Assignment: Pictures in the entries below are excluded; copy only the lines from the one containing "LEGO Recreate - Jetoane" to the one containing "Elegant zakelijk evenement", both included.
***** Source data
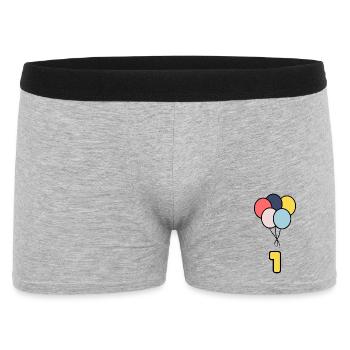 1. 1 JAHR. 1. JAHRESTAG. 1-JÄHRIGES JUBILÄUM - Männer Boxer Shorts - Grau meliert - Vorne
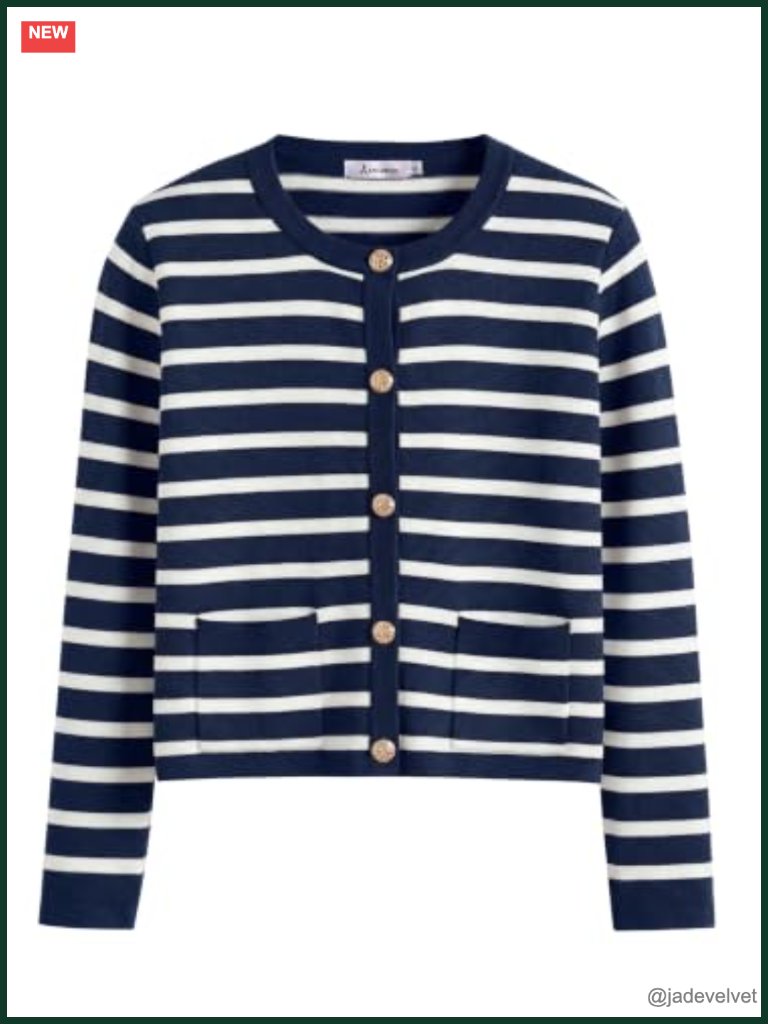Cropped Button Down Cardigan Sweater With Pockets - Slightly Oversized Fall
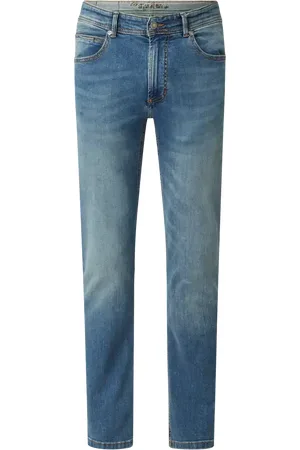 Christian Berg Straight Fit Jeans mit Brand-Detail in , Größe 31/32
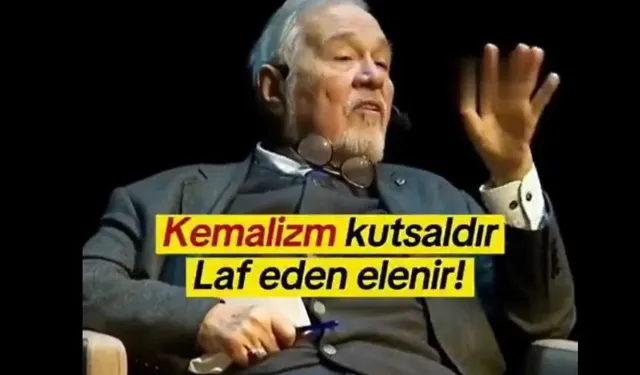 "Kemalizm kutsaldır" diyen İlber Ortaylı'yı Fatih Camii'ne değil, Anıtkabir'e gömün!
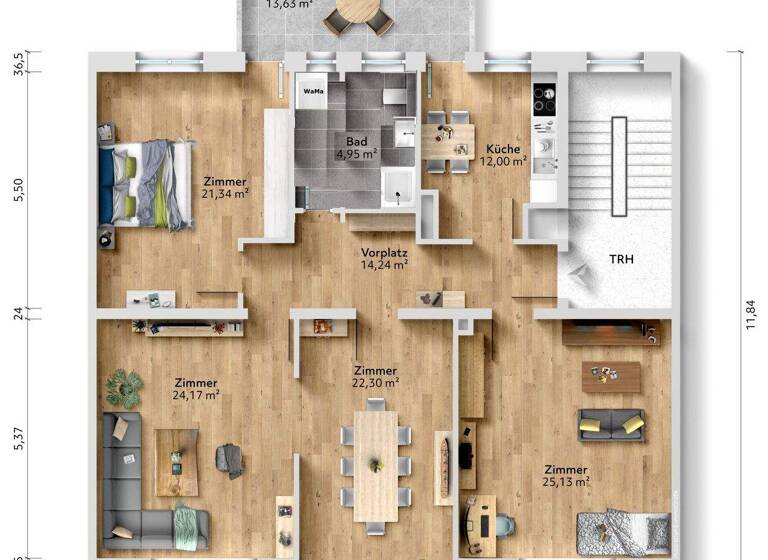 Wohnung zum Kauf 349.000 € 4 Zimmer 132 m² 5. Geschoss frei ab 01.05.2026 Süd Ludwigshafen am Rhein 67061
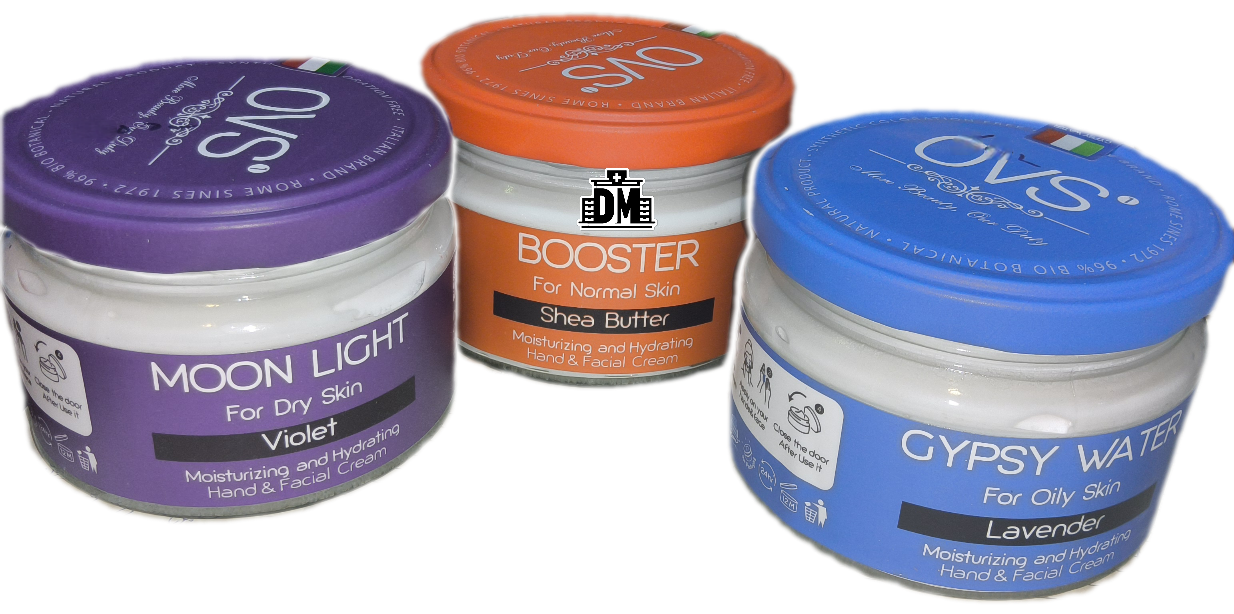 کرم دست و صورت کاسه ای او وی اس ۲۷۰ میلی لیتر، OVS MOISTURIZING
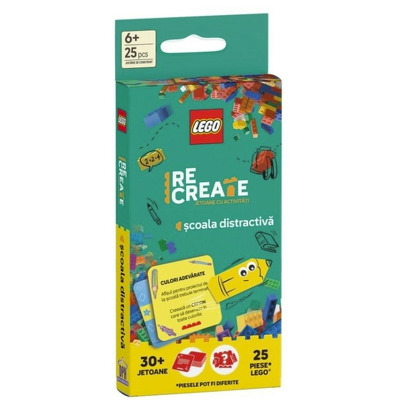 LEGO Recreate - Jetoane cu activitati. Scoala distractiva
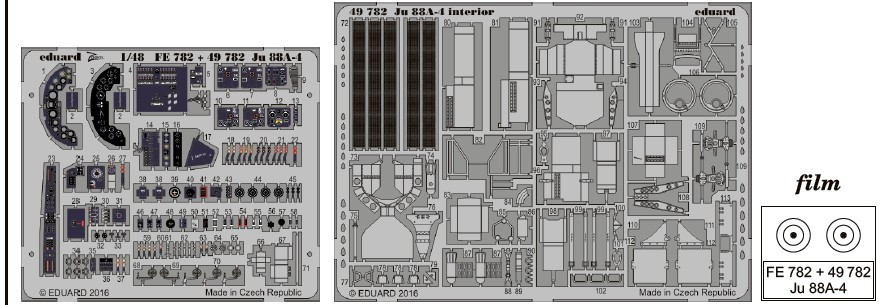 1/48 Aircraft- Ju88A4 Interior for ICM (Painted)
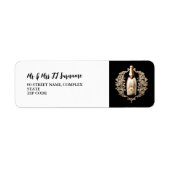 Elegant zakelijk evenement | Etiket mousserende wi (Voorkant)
**********
***** Source data
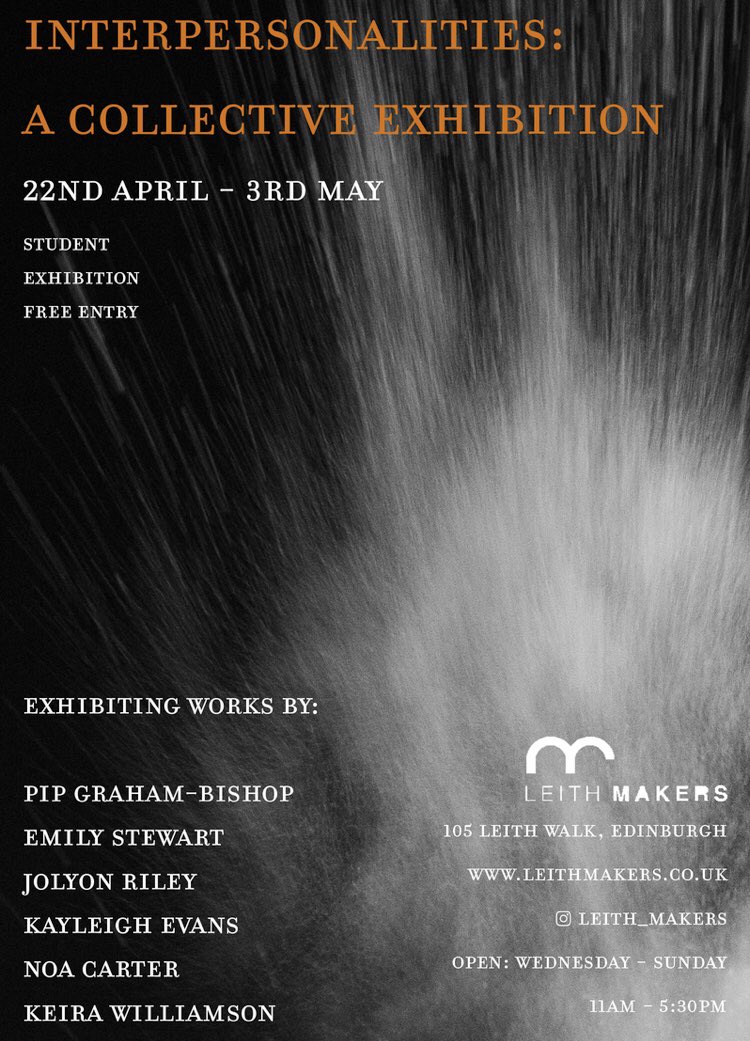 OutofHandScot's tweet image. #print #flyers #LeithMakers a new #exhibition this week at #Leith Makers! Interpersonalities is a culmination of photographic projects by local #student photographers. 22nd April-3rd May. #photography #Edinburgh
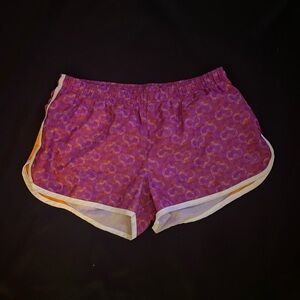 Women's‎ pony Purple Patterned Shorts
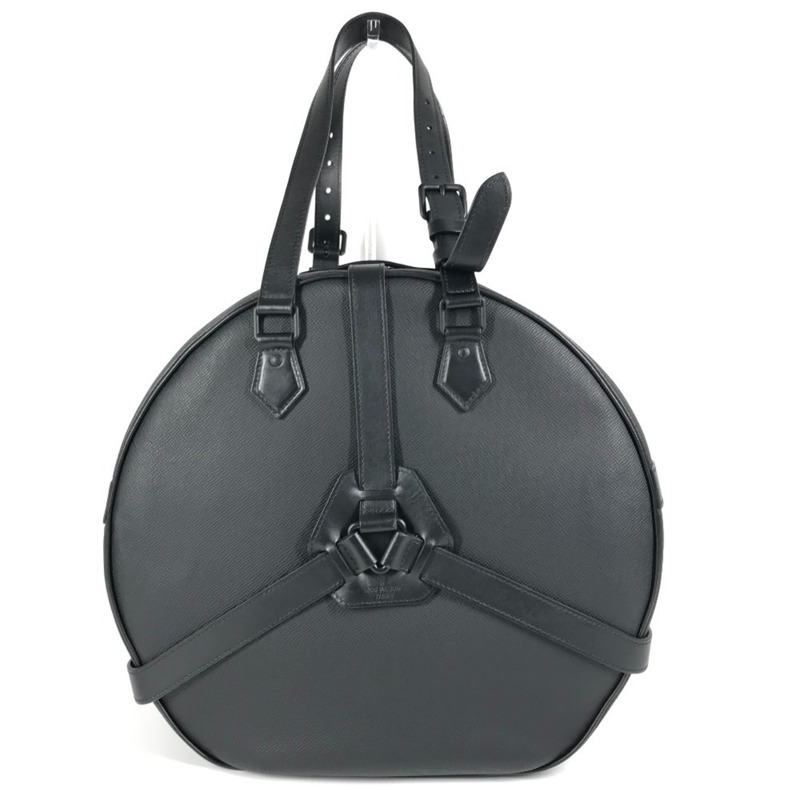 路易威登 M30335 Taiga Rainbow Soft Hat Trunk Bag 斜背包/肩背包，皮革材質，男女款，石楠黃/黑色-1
**********
Response to the exercise:
 LEGO Recreate - Jetoane cu activitati. Scoala distractiva
 1/48 Aircraft- Ju88A4 Interior for ICM (Painted)
 Elegant zakelijk evenement | Etiket mousserende wi (Voorkant)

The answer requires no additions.